Une mesure prise également par Google et d'autres géants du Web, qui n'ont d'autre choix que de faire reposer la lourde tâche de la modération de contenus à leurs algorithmes. Des algorithmes qui sont loin, mais alors très loin d'être au point.


« L'intelligence artificielle » à relativiser

Si cela fait des années que l'on nous vante les mérites de la sacro-sainte « IA » pour modérer les contenus, il ne faudrait pas oublier qu'en très grande majorité, ce sont encore des humains qui consultent, évaluent et suppriment les messages haineux, violents, pédopornographiques ou encore désinformatifs sur les plateformes du Web.

Un état de fait que les GAFAM sont bien obligés de concéder aujourd'hui, alors que les agences de modération sur lesquelles elles s'appuient au quotidien doivent elles aussi fermer le temps que la pandémie de Covid-19 se tasse.

Une activité au ralenti, qui s'étend aussi à tout ce qui a trait au service client ou qualité. « Des utilisateurs, annonceurs, développeurs et éditeurs peuvent rencontrer des délais plus importants dans les réponses du support pour les services non critiques, lesquels seront traités en priorité via chat, email et FAQ », s'excuse Google.

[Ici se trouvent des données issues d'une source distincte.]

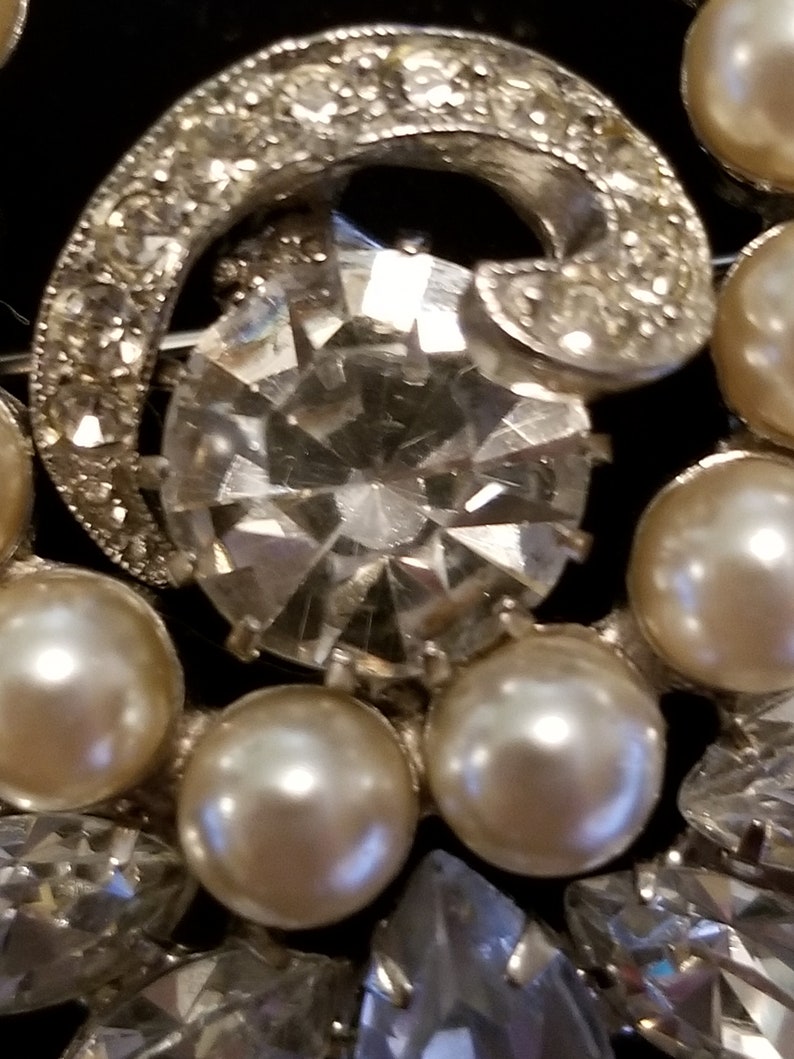 1960s clear rhinestone and pearl signed Hobe/' brooch Prong set Secure clasp Excellent shape. Very clean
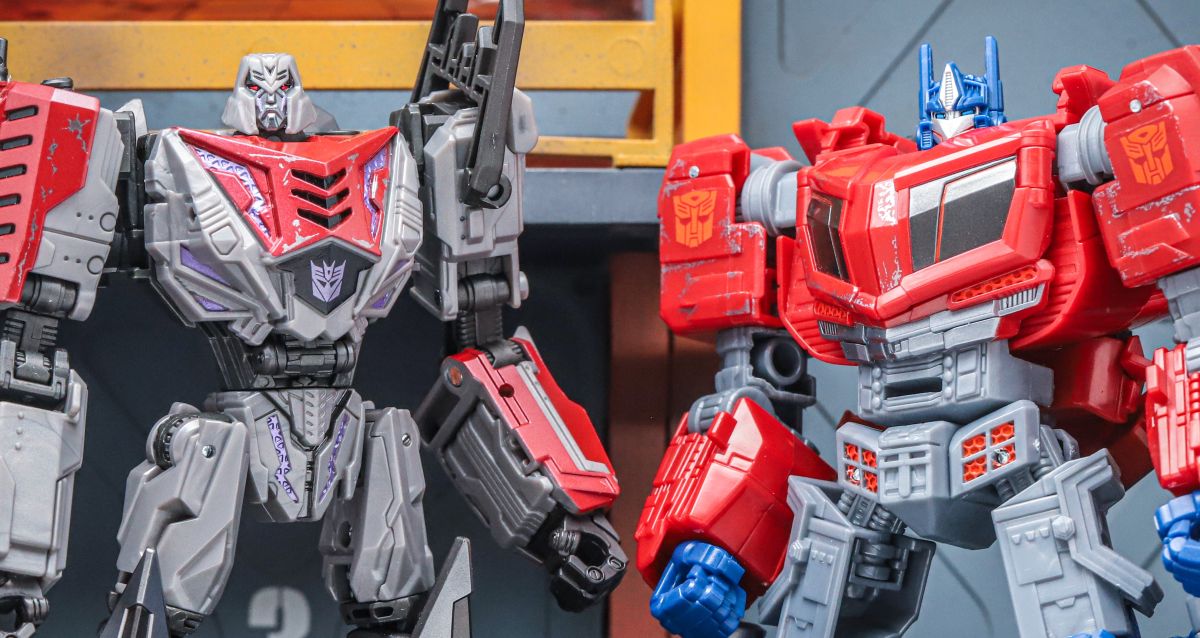 Transformers スタジオシリーズARCEE SS-92 新品 Transformers Studio Series SS-92 Arcee G1 TF:TM TakaraTomy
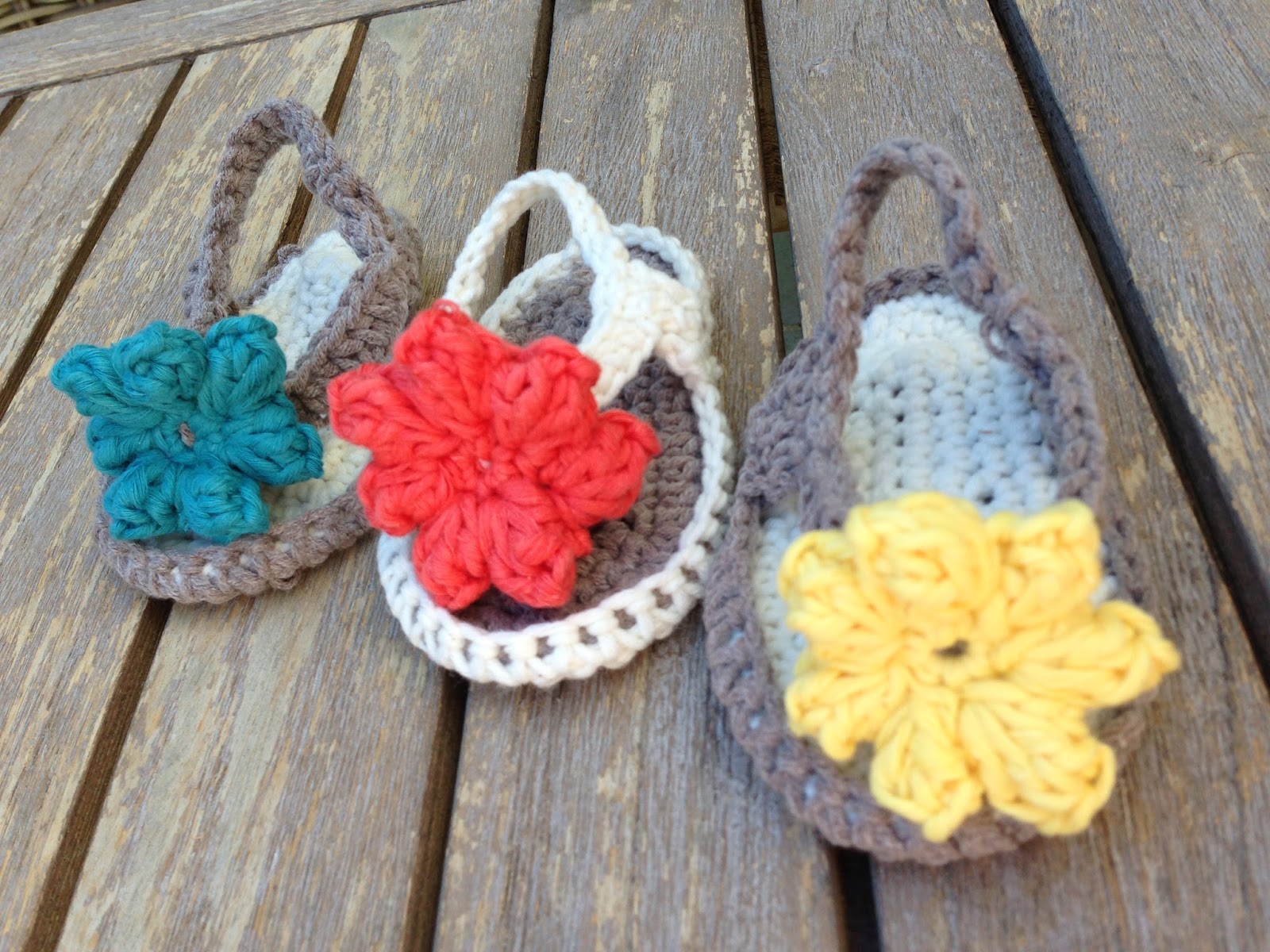 60+ Adorable and FREE Crochet Baby Sandals Patterns --> Baby Flip Flops Free Pattern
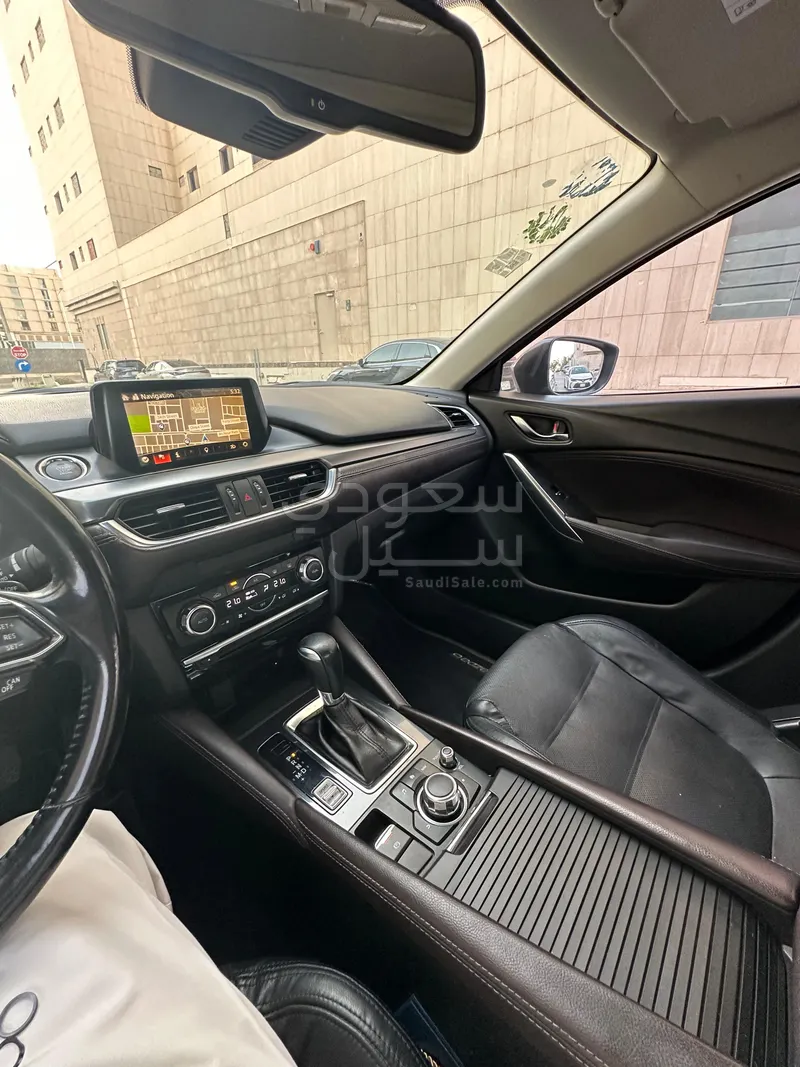 2018 مازدا مازدا 6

Des mesures tardives pour les petites mains de la modération

Si les plateformes du Web réagissent aujourd'hui, c'est qu'elles n'ont malheureusement plus le choix. Les dernières semaines, et alors même que la situation mondiale sanitaire empirait, les petites mains de la modération employées par des agences tierces avaient (et ont toujours) l'interdiction stricte de travailler depuis chez elles. On comprend donc aujourd'hui que ces mêmes personnes sont non seulement confinées à domicile, mais également sans emploi.

Comme le révèle un article de The Intercept paru la semaine dernière et qui a fait grand bruit, bien que Facebook ait très tôt encouragé ses employés à travailler à leur domicile, cette consigne ne concernait nullement les équipes dédiées à la modération — très largement sous-considérées dans l'organigramme de l'entreprise.

En fait, la possibilité ne leur était même pas laissée ; elle était tout simplement proscrite. Contacté par The Intercept, Facebook admet qu'« il y a certaines tâches qui ne peuvent pas être faites à domicile... pour les modérateurs de contenu, une partie de ce travail doit être faite depuis le bureau pour des raisons de sécurité, de confidentialité et de légalité ».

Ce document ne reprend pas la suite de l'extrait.